I mulch with a cover crop that is chop n dropped, then cover that with live oak leaves run through either the mulching mower or my leaf vacuum mulcher...


----------



## Fueling Around (Jun 3, 2021)

Local organic farmer uses hydroylzed  fish fertilizer in 300 gallon totes.
Basically, he can apply it this year to active crop land instead of the 2 year wait for raw fish.
 I bought a couple of those totes from him last year to set up for rainwater collection.
I killed grass in the areas where I drained off the rinse water trying to get the stink out of them.


----------



## poacherjoe (Jun 3, 2021)

Fueling Around said:


> Local organic farmer uses hydroylzed  fish fertilizer in 300 gallon totes.
> Basically, he can apply it this year to active crop land instead of the 2 year wait for raw fish.
> I bought a couple of those totes from him last year to set up for rainwater collection.
> I killed grass in the areas where I drained off the rinse water trying to get the stink out of them.

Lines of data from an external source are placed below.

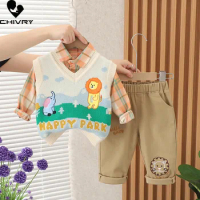 New Kids Autumn Cartoon Animal V-neck Knit Vest Plaid Lapel Shirt with Casual Pants Baby Boys Fashion Three-piece Clothing Sets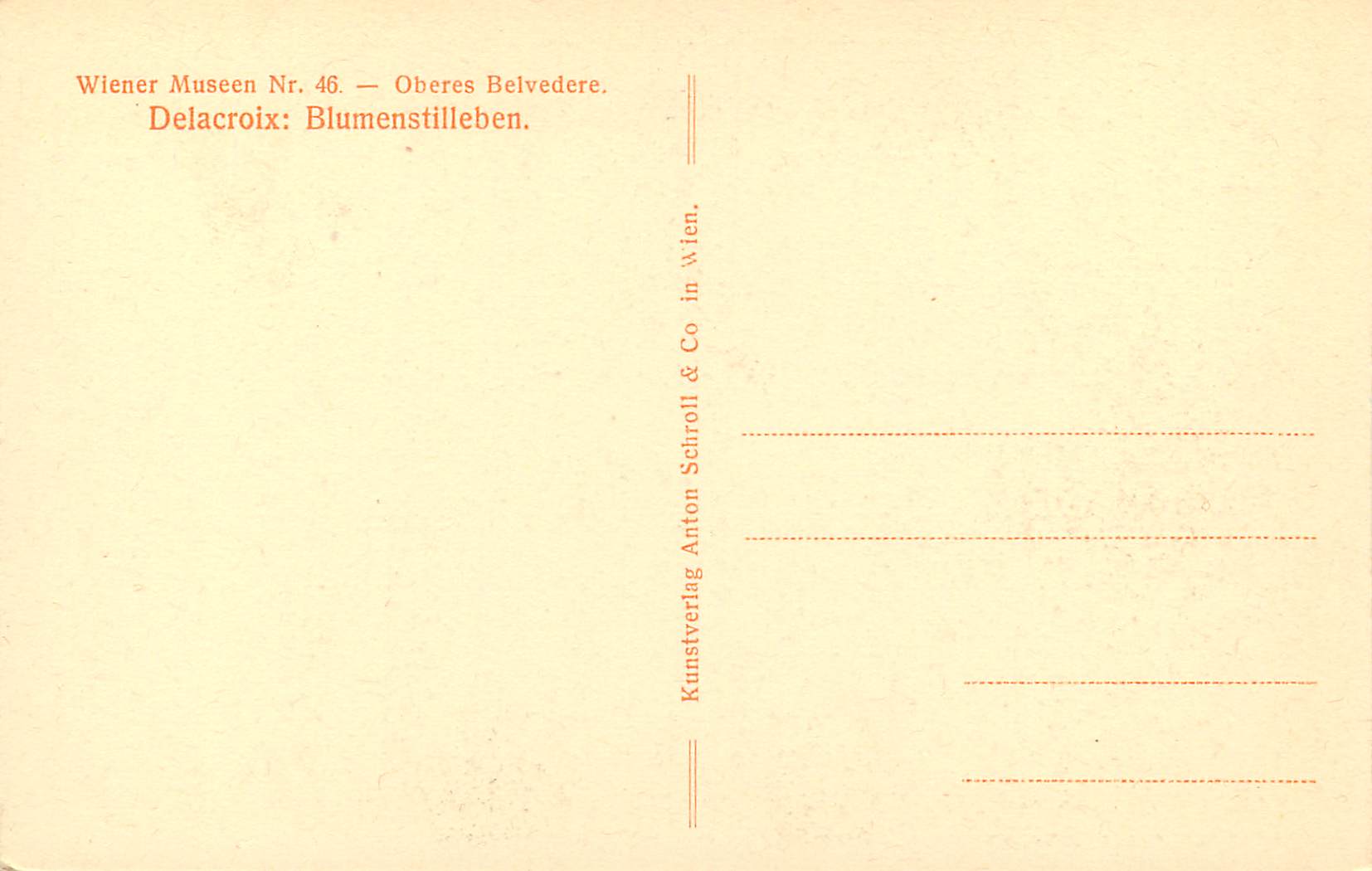 CPA Weiner Museen Oberes Belvedere  — Verso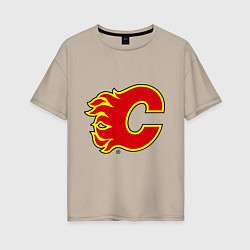 Футболка оверсайз женская Calgary Flames, цвет: миндальный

If you place the fish deep enough say 15" or more you can plant a tomato on it right away. By the time the roots get to that depth the plant will be able to absorb the nutrients from the decomposed carcass. If you put too much fresh fish the plant will grow like crazy but won't set blossoms for fruit. If that happens starve the plant for water till it starts to look weak and then resume your watering schedule and it will rebound and start setting fruit


----------



## indaswamp (Jun 20, 2021)

First tomatoes are starting to ripen...


----------



## Fueling Around (Jun 20, 2021)

I'm way behind you.  Killing frost on May 29th ( no plants in the garden) .
Cursing you with blossom end rot.  That is  a jest.
First fresh tomato out the garden goes for a BLT.  Wife gets the end scraps for her salad.


----------



## indaswamp (Jun 21, 2021)

Fueling Around said:


> I'm way behind you.  Killing frost on May 29th ( no plants in the garden) .
> Cursing you with blossom end rot.  That is  a jest.
> First fresh tomato out the garden goes for a BLT.  Wife gets the end scraps for her salad.

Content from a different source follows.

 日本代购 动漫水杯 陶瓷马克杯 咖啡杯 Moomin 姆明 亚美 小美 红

Our planting date here is March 15th. I usually start seeds mid January. This spring, we had so much rain and late cool fronts, I waited and put plants in the ground April 10th...almost a month later. Im just now having fruit ripen on the vines. Everyone that planted early had cracking issues to deal with from the rains. We had 23.7" of rain in May....normal for the year is 5-6" in May.


----------



## Fueling Around (Jun 21, 2021)

Ah yes, cat facing in those wet years.
We have had a whole inch of rain since I got mine planted.
I used to plant around Mother' Day, but since global warming our last frost date has slid 2 weeks.
Now, nothing tender goes in the garden until June.  

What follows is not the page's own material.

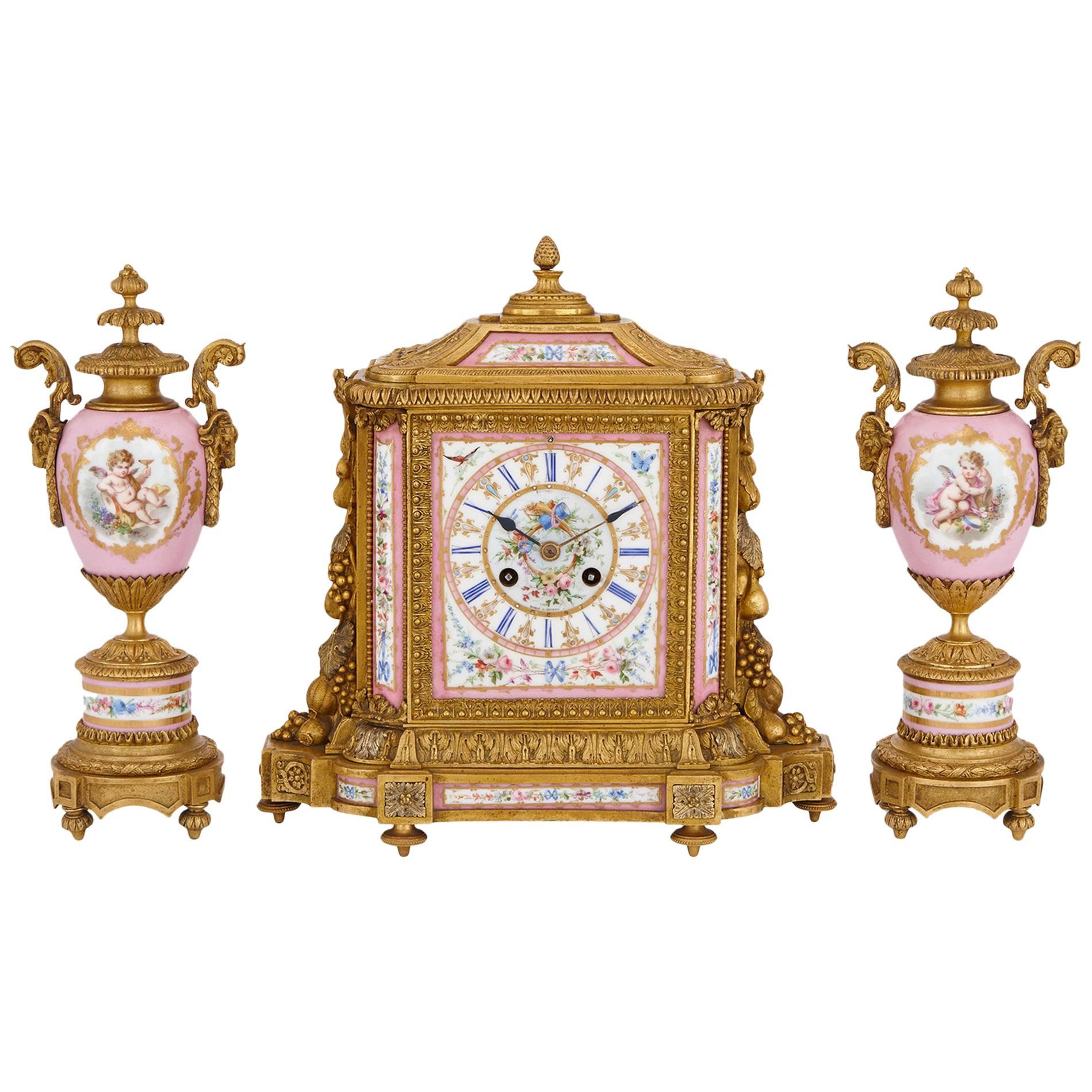 Gilt Bronze and Pink Sevres Style Porcelain Antique Clock Set For Sale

How much did you get after the latest event?


----------



## indaswamp (Jun 21, 2021)

Fueling Around said:


> How much did you get after the latest event?


9 inches in 4 days about 10 days ago. suppose to get another 2-3" by Sunday. WE avg. 68-70" of rain annually, but we have a 16" surplus right now...


----------



## Fueling Around (Jun 22, 2021)

Can you send some up here? We are in the driest fall to spring on record


----------



## daspyknows (Jun 22, 2021)

I have lots of blossoms but only a hald dozen small tomatoes on five plants.  The other item I grow in my garden does much better.


----------